* **TRY IT**: Copy out the full listing below as it stands, with its pictures left behind.

* **INFORMATION PROVIDED**:
⁂

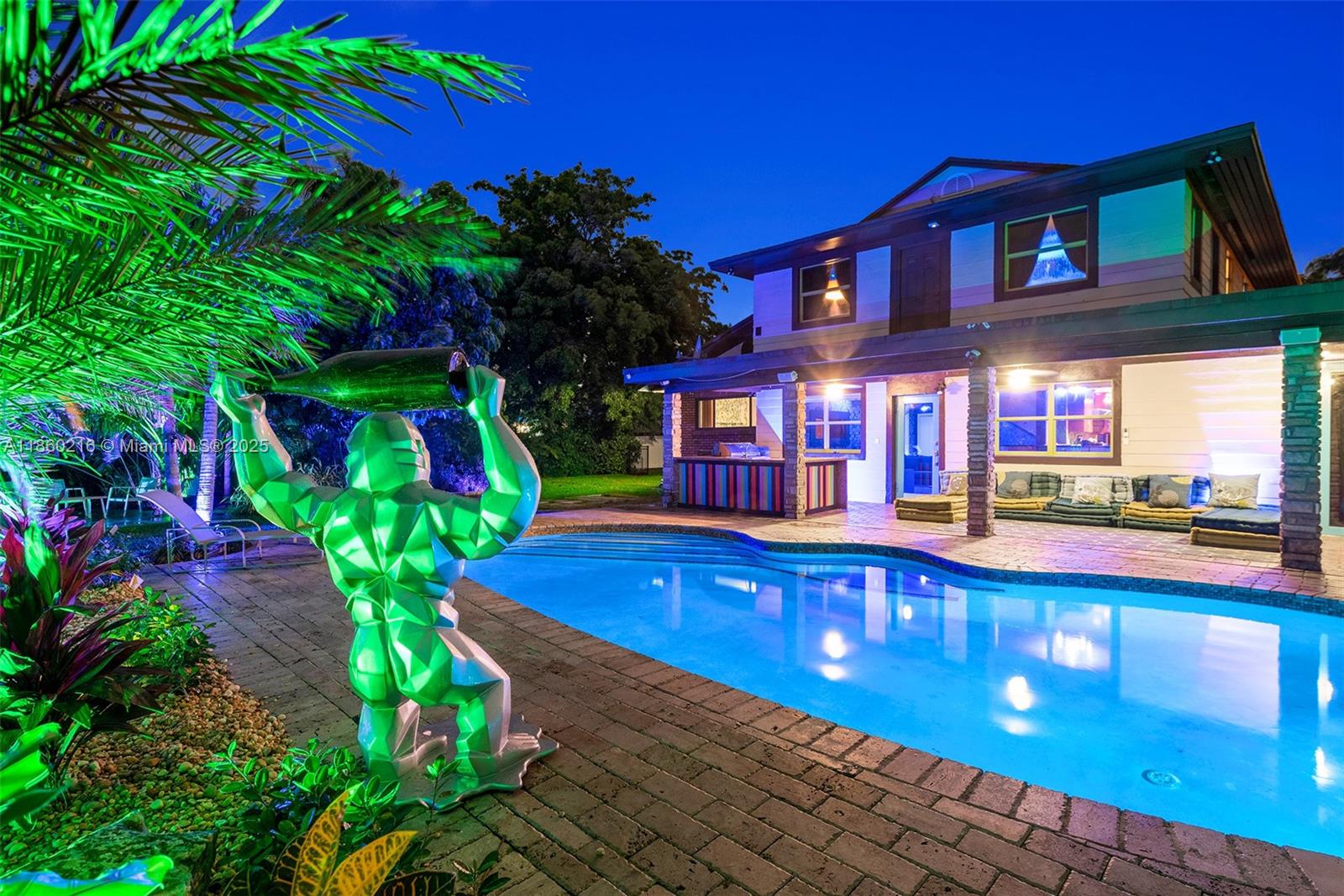 BISCAYNE GARDENS SEC A - Residential Lease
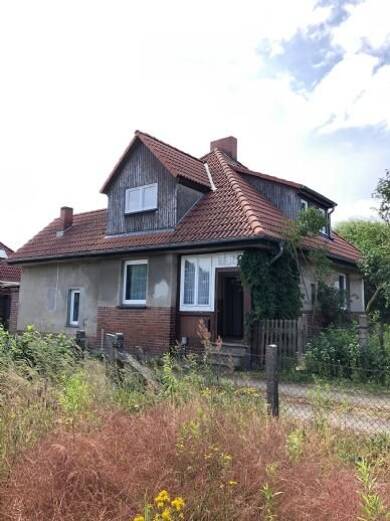 Einfamilienhaus zur Miete 780 € 3 Zimmer 80 m² 868 m² Grundstück Am Berge 5 Lalendorf Lalendorf 18279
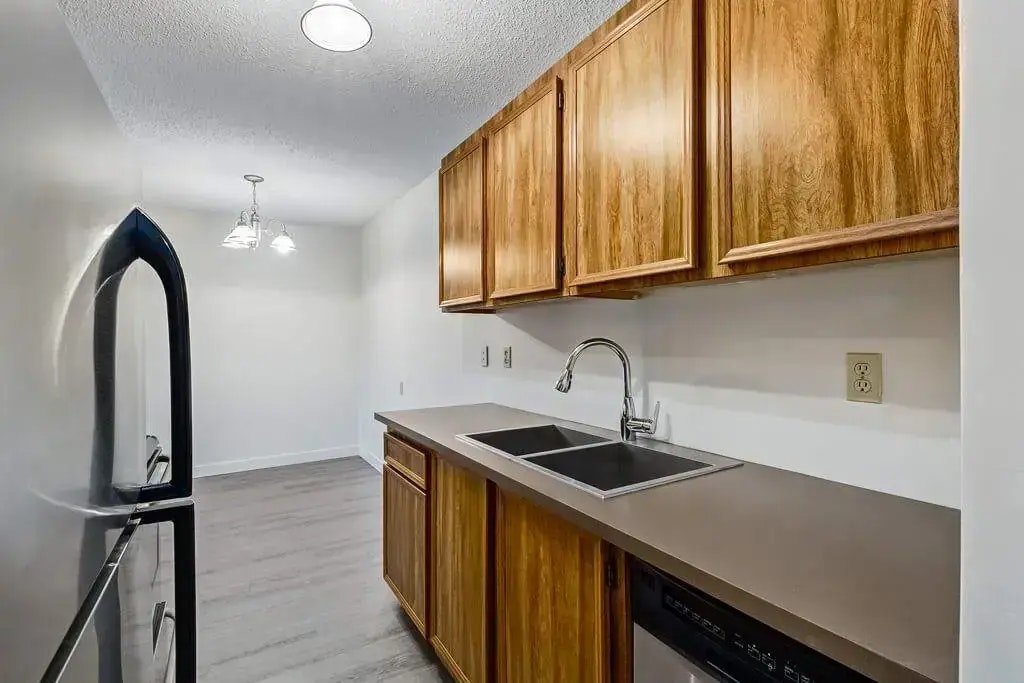201-403 Pendygrasse Road, Saskatoon, SK, S7M 5C1 - 16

⁂

* **YOUR SOLUTION**:
 BISCAYNE GARDENS SEC A - Residential Lease
 Einfamilienhaus zur Miete 780 € 3 Zimmer 80 m² 868 m² Grundstück Am Berge 5 Lalendorf Lalendorf 18279
201-403 Pendygrasse Road, Saskatoon, SK, S7M 5C1 - 16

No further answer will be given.